Assignment: Write out exactly the lines from the start of the entries through the one that contains "le1515 Off-the-Shoulder Silk", including both.

Crawled caption data:
= Beginning of Section =
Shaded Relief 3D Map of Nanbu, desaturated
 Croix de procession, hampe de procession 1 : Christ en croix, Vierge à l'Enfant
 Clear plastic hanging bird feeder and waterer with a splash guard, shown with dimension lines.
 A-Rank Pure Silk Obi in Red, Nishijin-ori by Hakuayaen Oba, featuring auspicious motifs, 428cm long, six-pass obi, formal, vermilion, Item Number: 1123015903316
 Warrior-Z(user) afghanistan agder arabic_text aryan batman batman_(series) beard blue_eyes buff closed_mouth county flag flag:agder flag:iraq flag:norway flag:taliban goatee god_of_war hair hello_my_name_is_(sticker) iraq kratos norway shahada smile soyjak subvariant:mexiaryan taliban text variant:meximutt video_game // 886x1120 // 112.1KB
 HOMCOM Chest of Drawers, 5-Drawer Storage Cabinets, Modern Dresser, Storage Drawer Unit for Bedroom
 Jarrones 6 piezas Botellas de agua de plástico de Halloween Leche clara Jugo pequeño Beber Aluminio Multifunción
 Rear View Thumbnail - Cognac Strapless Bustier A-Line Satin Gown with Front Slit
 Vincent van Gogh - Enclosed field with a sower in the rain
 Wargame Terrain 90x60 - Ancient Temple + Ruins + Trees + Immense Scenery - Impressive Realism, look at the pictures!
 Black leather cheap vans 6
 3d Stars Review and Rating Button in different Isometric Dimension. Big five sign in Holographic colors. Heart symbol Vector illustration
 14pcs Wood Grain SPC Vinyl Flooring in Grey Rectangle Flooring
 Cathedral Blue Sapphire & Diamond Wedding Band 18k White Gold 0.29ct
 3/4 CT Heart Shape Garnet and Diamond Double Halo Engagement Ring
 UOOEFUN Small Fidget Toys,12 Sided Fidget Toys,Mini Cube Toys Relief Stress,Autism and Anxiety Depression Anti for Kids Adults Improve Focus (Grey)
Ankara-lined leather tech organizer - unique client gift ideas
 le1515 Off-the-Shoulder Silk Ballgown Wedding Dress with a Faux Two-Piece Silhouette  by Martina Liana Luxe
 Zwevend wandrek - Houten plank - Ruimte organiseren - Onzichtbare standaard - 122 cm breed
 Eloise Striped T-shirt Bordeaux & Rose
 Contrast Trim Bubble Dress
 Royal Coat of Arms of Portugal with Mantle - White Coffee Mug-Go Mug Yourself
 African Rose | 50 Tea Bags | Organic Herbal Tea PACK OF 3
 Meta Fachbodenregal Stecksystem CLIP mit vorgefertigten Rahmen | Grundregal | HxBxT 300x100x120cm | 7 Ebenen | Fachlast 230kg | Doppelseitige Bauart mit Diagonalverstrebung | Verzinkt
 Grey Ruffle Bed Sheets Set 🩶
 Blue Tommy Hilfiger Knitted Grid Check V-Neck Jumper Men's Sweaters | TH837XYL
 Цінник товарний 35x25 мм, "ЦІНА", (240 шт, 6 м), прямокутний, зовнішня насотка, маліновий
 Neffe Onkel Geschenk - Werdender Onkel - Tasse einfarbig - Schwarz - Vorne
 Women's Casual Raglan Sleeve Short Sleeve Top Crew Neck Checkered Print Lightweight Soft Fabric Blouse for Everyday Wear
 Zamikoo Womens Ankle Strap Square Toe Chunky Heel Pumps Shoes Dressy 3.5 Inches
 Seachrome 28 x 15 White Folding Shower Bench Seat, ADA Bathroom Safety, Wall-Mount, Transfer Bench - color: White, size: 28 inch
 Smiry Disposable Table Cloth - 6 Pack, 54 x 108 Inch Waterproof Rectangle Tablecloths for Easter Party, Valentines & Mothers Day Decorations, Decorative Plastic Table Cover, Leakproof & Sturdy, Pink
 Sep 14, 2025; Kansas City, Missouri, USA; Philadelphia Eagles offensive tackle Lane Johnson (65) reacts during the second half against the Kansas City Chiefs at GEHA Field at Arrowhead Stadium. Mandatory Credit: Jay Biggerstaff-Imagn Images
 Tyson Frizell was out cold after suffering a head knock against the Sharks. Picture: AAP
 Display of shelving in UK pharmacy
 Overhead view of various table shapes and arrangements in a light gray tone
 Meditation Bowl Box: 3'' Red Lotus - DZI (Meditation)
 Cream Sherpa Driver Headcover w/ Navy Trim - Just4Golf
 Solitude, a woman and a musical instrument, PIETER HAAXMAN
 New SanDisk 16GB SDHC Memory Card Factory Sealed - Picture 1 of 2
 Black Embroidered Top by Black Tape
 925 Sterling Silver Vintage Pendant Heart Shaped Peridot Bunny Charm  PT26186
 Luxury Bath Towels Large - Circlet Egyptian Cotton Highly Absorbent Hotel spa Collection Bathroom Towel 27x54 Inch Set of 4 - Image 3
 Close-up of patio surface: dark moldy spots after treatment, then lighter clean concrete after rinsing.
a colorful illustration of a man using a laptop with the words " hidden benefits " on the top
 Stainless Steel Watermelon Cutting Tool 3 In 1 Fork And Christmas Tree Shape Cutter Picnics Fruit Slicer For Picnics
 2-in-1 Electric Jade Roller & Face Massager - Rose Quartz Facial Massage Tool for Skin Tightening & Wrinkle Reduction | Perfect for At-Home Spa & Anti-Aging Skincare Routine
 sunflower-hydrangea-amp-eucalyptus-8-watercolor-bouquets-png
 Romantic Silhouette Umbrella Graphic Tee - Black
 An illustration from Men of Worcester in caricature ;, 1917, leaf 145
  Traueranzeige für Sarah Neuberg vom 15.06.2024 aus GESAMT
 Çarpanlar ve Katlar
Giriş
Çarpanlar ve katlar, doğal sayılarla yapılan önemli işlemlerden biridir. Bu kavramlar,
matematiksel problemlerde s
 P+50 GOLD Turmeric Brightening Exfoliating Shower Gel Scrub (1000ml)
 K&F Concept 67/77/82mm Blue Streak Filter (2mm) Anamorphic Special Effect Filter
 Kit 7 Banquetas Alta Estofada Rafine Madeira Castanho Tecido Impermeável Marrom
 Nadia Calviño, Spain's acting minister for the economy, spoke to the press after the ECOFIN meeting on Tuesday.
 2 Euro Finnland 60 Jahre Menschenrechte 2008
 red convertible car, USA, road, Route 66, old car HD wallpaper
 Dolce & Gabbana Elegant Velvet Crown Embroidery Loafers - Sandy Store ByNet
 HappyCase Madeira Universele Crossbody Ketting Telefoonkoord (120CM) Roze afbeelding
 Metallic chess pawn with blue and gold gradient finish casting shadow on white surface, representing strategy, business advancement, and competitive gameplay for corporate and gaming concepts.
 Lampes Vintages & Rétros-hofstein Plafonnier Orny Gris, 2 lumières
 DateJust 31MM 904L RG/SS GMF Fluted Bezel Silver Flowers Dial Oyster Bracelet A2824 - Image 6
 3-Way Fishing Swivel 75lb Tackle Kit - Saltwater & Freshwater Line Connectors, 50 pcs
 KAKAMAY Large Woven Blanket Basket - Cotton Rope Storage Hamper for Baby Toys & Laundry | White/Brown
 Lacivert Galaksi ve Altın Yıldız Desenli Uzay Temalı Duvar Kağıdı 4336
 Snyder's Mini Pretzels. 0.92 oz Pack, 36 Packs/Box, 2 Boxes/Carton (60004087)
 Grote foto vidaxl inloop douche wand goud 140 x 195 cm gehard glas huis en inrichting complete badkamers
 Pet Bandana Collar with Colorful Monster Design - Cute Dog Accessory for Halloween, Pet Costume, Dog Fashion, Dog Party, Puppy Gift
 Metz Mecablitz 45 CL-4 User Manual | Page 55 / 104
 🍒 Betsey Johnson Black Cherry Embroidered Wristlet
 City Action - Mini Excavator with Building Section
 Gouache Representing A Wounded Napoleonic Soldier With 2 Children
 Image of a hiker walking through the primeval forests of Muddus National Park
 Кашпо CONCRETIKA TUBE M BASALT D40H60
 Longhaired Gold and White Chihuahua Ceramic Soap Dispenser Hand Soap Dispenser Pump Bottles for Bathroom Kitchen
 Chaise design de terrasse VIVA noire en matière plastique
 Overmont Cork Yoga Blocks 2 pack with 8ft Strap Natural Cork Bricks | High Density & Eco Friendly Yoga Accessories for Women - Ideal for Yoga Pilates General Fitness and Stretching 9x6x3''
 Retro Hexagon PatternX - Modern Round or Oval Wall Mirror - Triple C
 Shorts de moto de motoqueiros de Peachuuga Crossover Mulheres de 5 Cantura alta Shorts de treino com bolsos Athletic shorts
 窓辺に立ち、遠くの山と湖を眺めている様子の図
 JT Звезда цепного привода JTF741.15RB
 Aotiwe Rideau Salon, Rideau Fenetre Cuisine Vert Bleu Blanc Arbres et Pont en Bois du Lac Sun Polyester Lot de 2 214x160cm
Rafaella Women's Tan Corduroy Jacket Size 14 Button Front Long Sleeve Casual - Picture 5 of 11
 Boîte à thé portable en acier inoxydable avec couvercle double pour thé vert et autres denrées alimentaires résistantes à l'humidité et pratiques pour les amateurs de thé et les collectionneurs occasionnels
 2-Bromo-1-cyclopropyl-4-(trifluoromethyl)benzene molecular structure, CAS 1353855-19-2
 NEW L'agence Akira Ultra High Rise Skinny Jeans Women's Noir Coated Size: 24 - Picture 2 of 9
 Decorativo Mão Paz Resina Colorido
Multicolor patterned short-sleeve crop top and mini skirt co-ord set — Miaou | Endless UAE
= End of Section =
Result of the task:
Shaded Relief 3D Map of Nanbu, desaturated
 Croix de procession, hampe de procession 1 : Christ en croix, Vierge à l'Enfant
 Clear plastic hanging bird feeder and waterer with a splash guard, shown with dimension lines.
 A-Rank Pure Silk Obi in Red, Nishijin-ori by Hakuayaen Oba, featuring auspicious motifs, 428cm long, six-pass obi, formal, vermilion, Item Number: 1123015903316
 Warrior-Z(user) afghanistan agder arabic_text aryan batman batman_(series) beard blue_eyes buff closed_mouth county flag flag:agder flag:iraq flag:norway flag:taliban goatee god_of_war hair hello_my_name_is_(sticker) iraq kratos norway shahada smile soyjak subvariant:mexiaryan taliban text variant:meximutt video_game // 886x1120 // 112.1KB
 HOMCOM Chest of Drawers, 5-Drawer Storage Cabinets, Modern Dresser, Storage Drawer Unit for Bedroom
 Jarrones 6 piezas Botellas de agua de plástico de Halloween Leche clara Jugo pequeño Beber Aluminio Multifunción
 Rear View Thumbnail - Cognac Strapless Bustier A-Line Satin Gown with Front Slit
 Vincent van Gogh - Enclosed field with a sower in the rain
 Wargame Terrain 90x60 - Ancient Temple + Ruins + Trees + Immense Scenery - Impressive Realism, look at the pictures!
 Black leather cheap vans 6
 3d Stars Review and Rating Button in different Isometric Dimension. Big five sign in Holographic colors. Heart symbol Vector illustration
 14pcs Wood Grain SPC Vinyl Flooring in Grey Rectangle Flooring
 Cathedral Blue Sapphire & Diamond Wedding Band 18k White Gold 0.29ct
 3/4 CT Heart Shape Garnet and Diamond Double Halo Engagement Ring
 UOOEFUN Small Fidget Toys,12 Sided Fidget Toys,Mini Cube Toys Relief Stress,Autism and Anxiety Depression Anti for Kids Adults Improve Focus (Grey)
Ankara-lined leather tech organizer - unique client gift ideas
 le1515 Off-the-Shoulder Silk Ballgown Wedding Dress with a Faux Two-Piece Silhouette  by Martina Liana Luxe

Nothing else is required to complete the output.